• **Exercise instructions**: Copy out the data word for word. The images are not part of the copy.

• **Source material**:
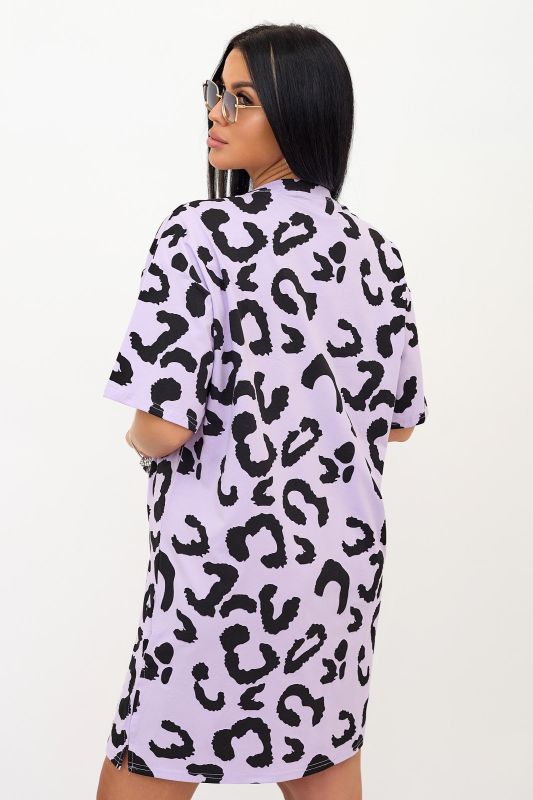 Women's Tunic Leopard C article 9249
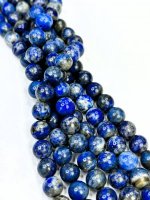 Lapis Lazuli, String Round 5/pc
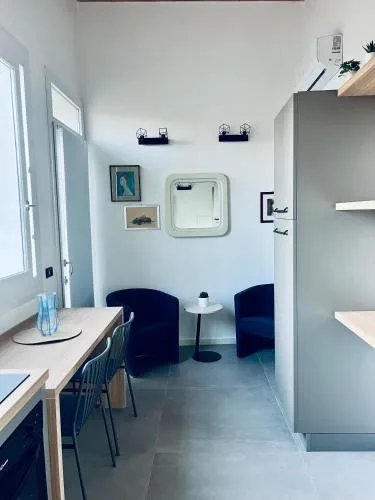 Guest House Colonna apt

• **Exercise solution**:
 Women's Tunic Leopard C article 9249
 Lapis Lazuli, String Round 5/pc
 Guest House Colonna apt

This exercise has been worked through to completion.